El tipo de Estado adecuado para esa clase de acumulación/guerra es el
punto débil de quienes analizan la acumulación por desposesión o el
posextractivismo. En estos análisis, más allá del valor que poseen, encuentro
varios problemas a ser debatidos para fortalecer las resistencias.
El primero es que no se trata de modelos económicos, solamente. El
capitalismo no es una economía, es un sistema que incluye una economía
capitalista. En su etapa actual, el
modelo extractivo o de acumulación por robo no se reduce a una economía, sino a
un sistema que funciona (desde las instituciones hasta la cultura) como una
guerra contra los pueblos, como un modo de exterminio o de acumulación por
exterminio.
México es el espejo en el que podemos mirarnos los pueblos de América
Latina y del mundo. Los más de 100 mil muertos y las decenas de miles de
desaparecidos no son una desviación del sistema, sino el núcleo del sistema.

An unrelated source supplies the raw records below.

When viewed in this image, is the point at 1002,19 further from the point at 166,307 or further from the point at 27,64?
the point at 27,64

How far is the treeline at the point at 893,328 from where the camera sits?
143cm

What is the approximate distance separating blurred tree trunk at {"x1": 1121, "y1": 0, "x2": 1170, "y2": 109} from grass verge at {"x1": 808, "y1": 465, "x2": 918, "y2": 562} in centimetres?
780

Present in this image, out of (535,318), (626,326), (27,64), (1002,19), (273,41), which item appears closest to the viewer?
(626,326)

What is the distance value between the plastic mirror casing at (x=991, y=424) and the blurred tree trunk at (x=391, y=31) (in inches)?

Todas las partes que integran ese sistema, desde la justicia y el aparato
electoral hasta la medicina y la música (por poner apenas ejemplos), son
funcionales al exterminio. Nuestra música y nuestra justicia (y así con todos
los aspectos de la vida) son parte de la resistencia al sistema. Están
desgajadas o separadas del mismo. No forman parte de un todo sistémico, sino
que integran ya el otro mundo.
La segunda cuestión es que las instituciones estatales han sido
formateadas por y para la guerra contra los pueblos. Por eso no tiene el menor
sentido dedicar tiempo y energías en incrustarse en ellas, salvo para quienes
crean (por ingenuidad o interés mezquino) que pueden gobernarlas a favor de los
abajos. Este es quizá el principal
debate estratégico que afrontamos en esta hora sombría.

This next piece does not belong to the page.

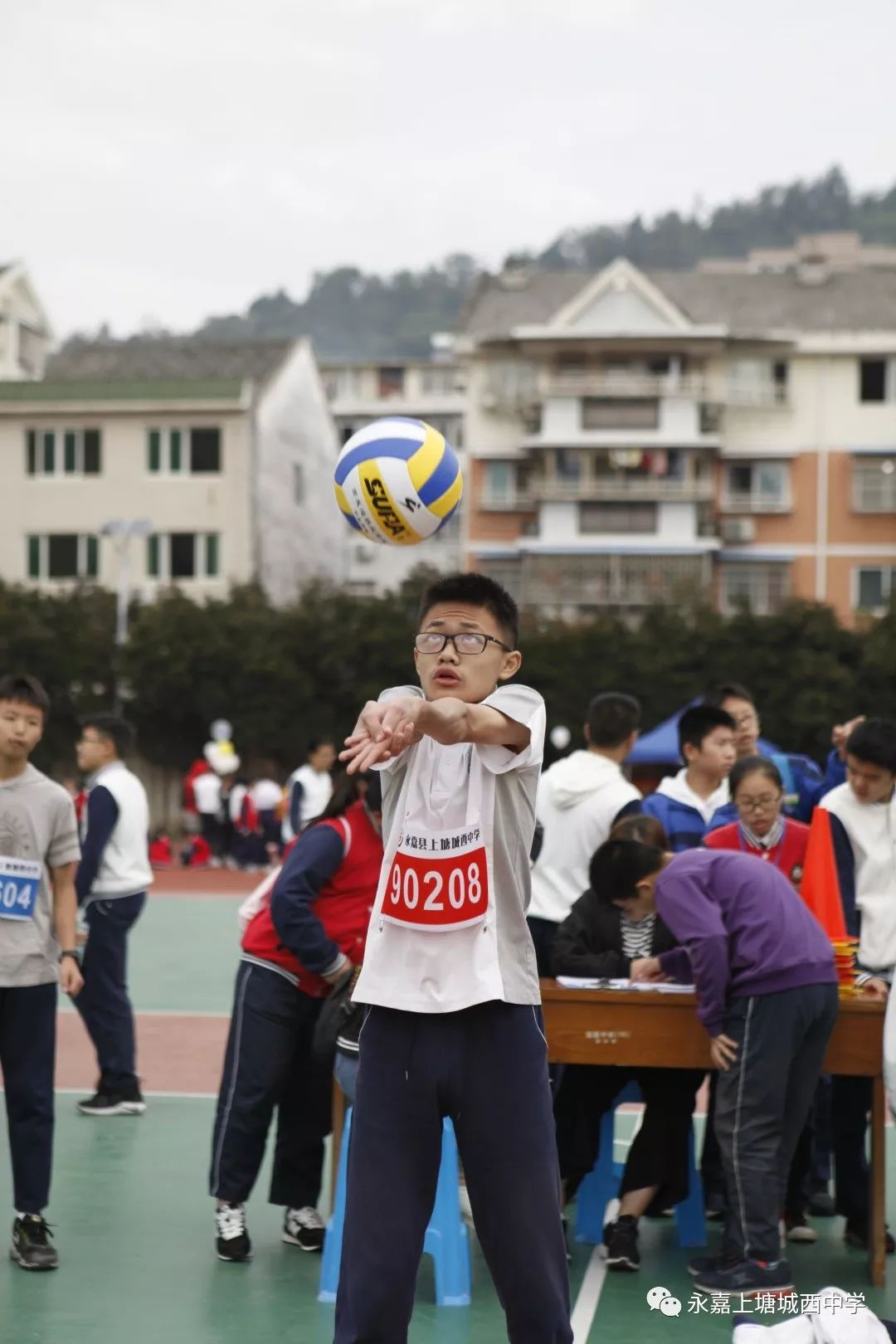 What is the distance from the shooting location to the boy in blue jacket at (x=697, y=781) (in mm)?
7387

En suma, crear y cuidar nuestros
espacios y protegernos del arriba sin dejarnos seducir por sus escenarios, se
torna en la cuestión vital de nuestros movimientos. Recordemos que, para
Agamben, los recluidos en el campo son personas a las que cualquiera puede
matar sin cometer homicidio. Esta forma de ver el mundo actual explica mejor
los hechos de Ayotzinapa y Nochixtlán que los discursos sobre democracia y
ciudadanía, que apelan a la justicia del sistema.